Despite our critiques, ILSAs’ high costs, and policy-makers’ often misguided inferences, we certainly do not believe that ILSAs—such as Programme for International Student Assessment (PISA), Trends in International Mathematics and Science Study (TIMSS), or Progress in International Reading Literacy Study (PIRLS)—should be abandoned. ILSAs provide a unique reference framework for understanding national results and patterns of relationships. As such, they can be invaluable for mobilizing a country’s political will to invest resources in education. ILSA data have also served as the foundation for hundreds of secondary analyses that have addressed important education policy questions. But to fulfill their promise, changes are needed in their interpretation, dissemination, and analysis and in the strategies used to design future assessments.

Unpacking East Asian Successes

In 2012, the seven jurisdictions with the highest mean mathematics PISA scores were Shanghai, Singapore, Hong Kong, Taiwan, South Korea, Macau, and Japan. Before concluding that adopting any feature of East Asian education—such as mastery textbooks, the “solution du jour” recently adopted by Great Britain (2)—would improve the test scores of students elsewhere, consider the following.

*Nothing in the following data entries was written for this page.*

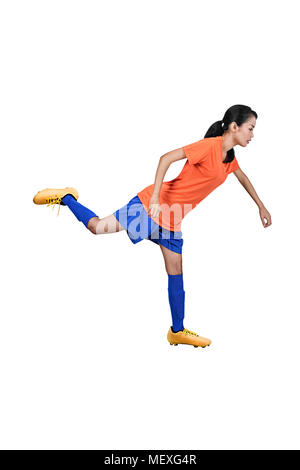 Professional asian football player woman kick the ball posing isolated over white background Stock Photo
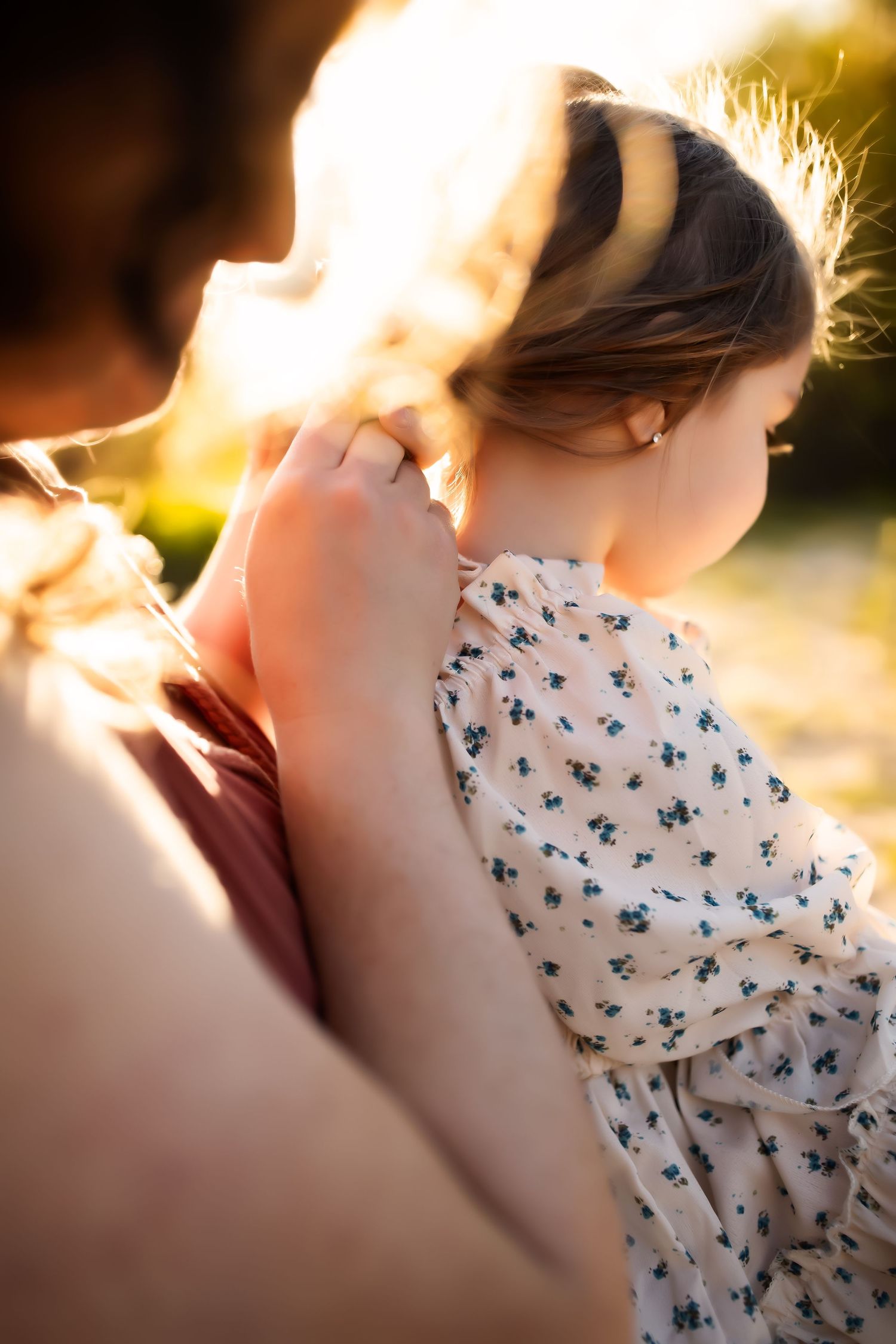 Close-up shot of a couple embracing during golden hour with a floral patterned dress visible.
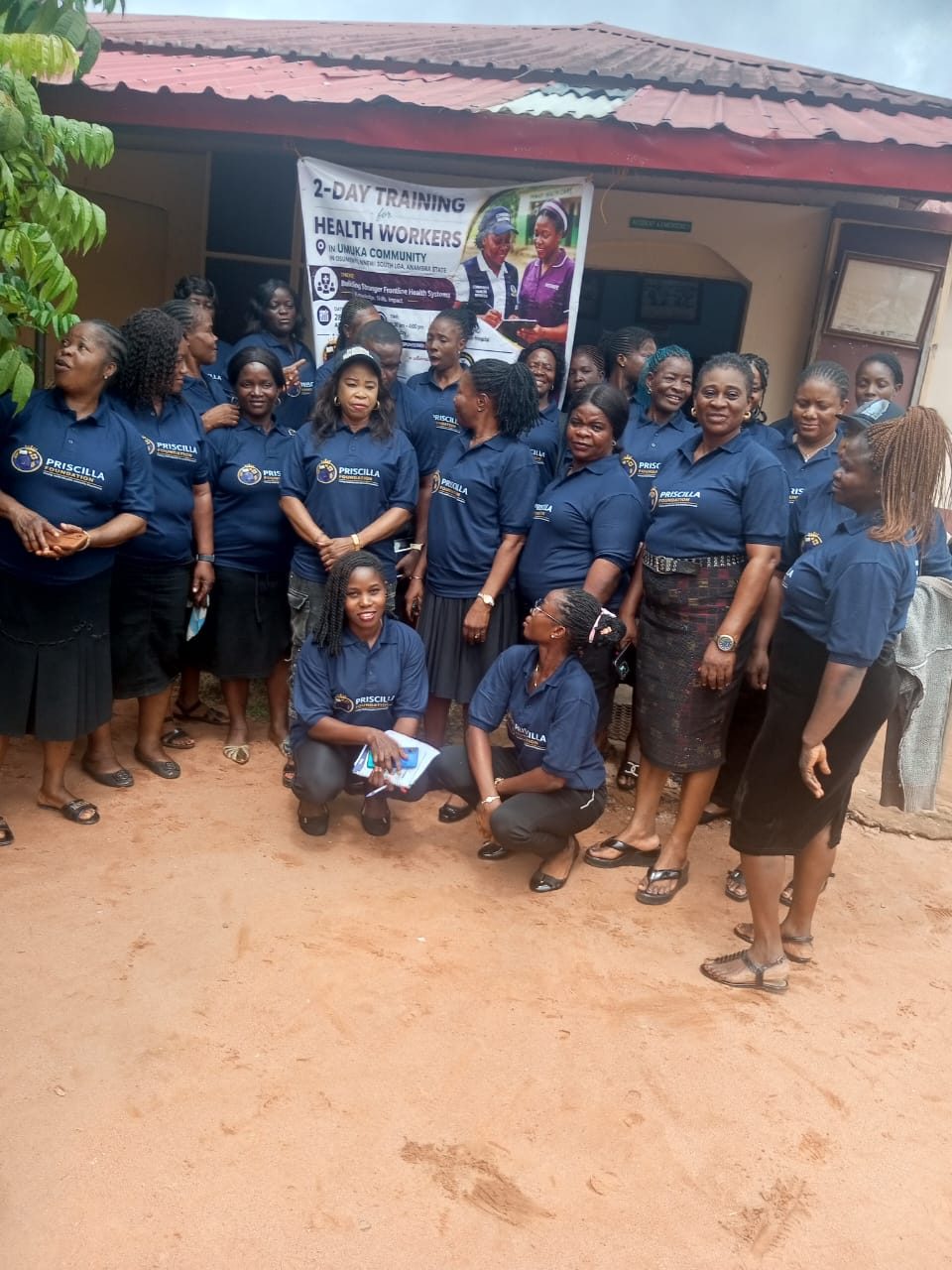 Participants assembled under the banner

ILSA samples aren’t necessarily representative of a jurisdiction’s relevant age (or grade) group. PISA defines its target population as “15-year-olds enrolled in education institutions full-time.” Until recently, China had an internal passport system in which migrants from the countryside could not enroll in urban schools. In 2014, the Organization for Economic Cooperation and Development (OECD), which sponsors PISA, admitted that the 2012 Shanghai sample excluded 27% of 15-year-olds (in the United States, the comparable statistic was ∼11%) (3). Less-developed OECD countries, such as Mexico and Turkey, have similar problems because as many as 40% of their 15-year-olds have already dropped out. The full consequences of these exclusions for country-level means is not known, but it is likely that excluded students come from the lower end of the achievement distribution.

Results from single cities (such as Shanghai), city states (such as Singapore), or countries with national education systems (such as France) aren’t comparable with those from countries with decentralized systems (such as the United States, Canada, and Germany). For decentralized systems, country-level summaries are almost meaningless because they conceal substantial within-country heterogeneity in policies and practices. In 2015, for example, Massachusetts participated in PISA as a separate jurisdiction. Its mean reading score was statistically indistinguishable from those of the top performing East Asian nations; its mean mathematics score was more middling, but if the state were treated as a country, it would still have ranked 12th (4).

The number of credible school-based predictors of student test scores always exceeds the number of countries assessed. Even as ILSA coverage expands, most include 50 to 75 countries or jurisdictions. Education experts could suggest 50 to 75 credible predictors of country-level test scores: Mastery textbooks? Teacher training? Teaching methods? Peer effects? With as many plausible predictors as there are countries in any analysis, it’s impossible to conclude whether any particular feature of an education system—even one highly correlated with country-level mean test scores—definitively explains differences in student performance.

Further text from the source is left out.